Negar nuestro consentimiento.


La Memoria, así con mayúscula, se ha vuelto de un tiempo a esta parte, en el relato de las crueldades a la que fueron sometidos los cuerpos de nuestros seres queridos. Los Sitios de Memoria, son aquellos lugares donde se fabricaba la muerte. Pero ¿qué pasaría si en la Memoria –así, con mayúscula- cupieran también todos esos actos de resistencia? Porque, si en esas circunstancias extremas, donde le margen de decisión era del tamaño del cabello de recién nacido, hubo quienes pudieron negar su consentimiento, ¿qué no podríamos nosotres que estamos en libertad? En libertad quiero decir, que no estamos en un campo de concentración y que no vivimos en una dictadura. ¿No podríamos negarnos a ver las imágenes pornográficas del dizque presidente cumpliendo su sueño adolescente de ser una estrella pop? ¿No podríamos negarnos a hacer como si la vida siguiera su curso cuando cada vez hay más sillas vacías en nuestros lugares de trabajo? ¿No podríamos negarnos a la negación de seguir de largo cuando vemos gente durmiendo, comiendo, existiendo a la intemperie, en la vereda, en las plazas de nuestra ciudad? ¿Podríamos, quizás, negarnos a luchar por un lugar en un escenario, por una silla en las primeras filas de un acto, y reservar esa energía para luchar contra el enemigo? Y ¿qué tal estudiar, pensar, crear y expropiarle a la maquinaria de producción capitalista el tiempo que nos roba para usarlo en cosas que “no sirvan para nada”?

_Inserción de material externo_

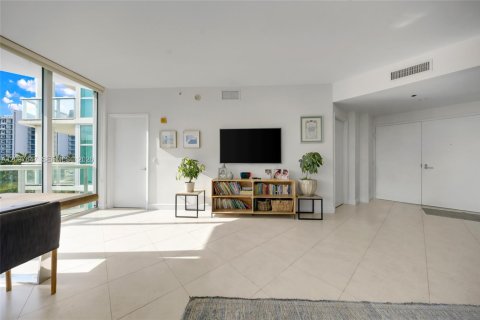 Condo in Aventura, Florida, 2 bedrooms № 2155034 - photo 13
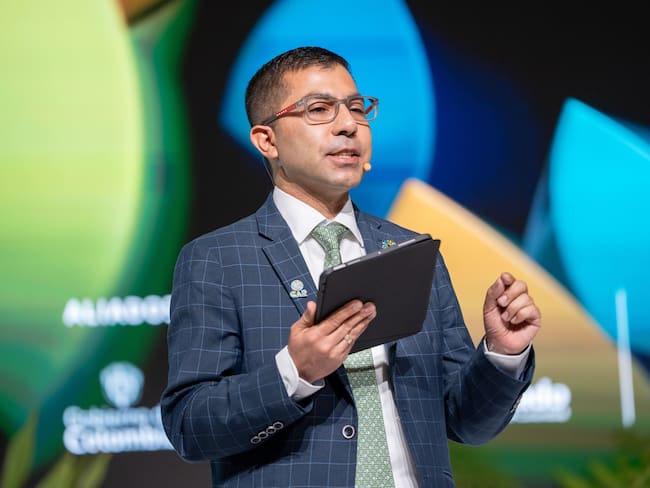 Alfred Ballesteros, director de la CAR. | Foto: Caracol Radio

Puede parecer naif y hasta una consigna de gurú new age, pero cuando el enemigo golpea y aturde, aturde y golpea, sin solución de continuidad, salir de esa cadena de producción del mal, puede ser un gesto de resistencia fundamental. Si devolver el golpe aún no se puede, si la organización comunitaria todavía es frágil, si hasta la defensa parece un torpe correr de espaldas, todavía podemos la dignidad de negar nuestro consentimiento. Cuando hacer es muy difícil, recordemos que ser sigue siendo peligroso para el enemigo. No lo olvidemos. Que la memoria no sea sólo del mal que nos hicieron, sino también de quienes resistieron antes que nosotres y aún desde la muerte nos tiran tips de dignidad.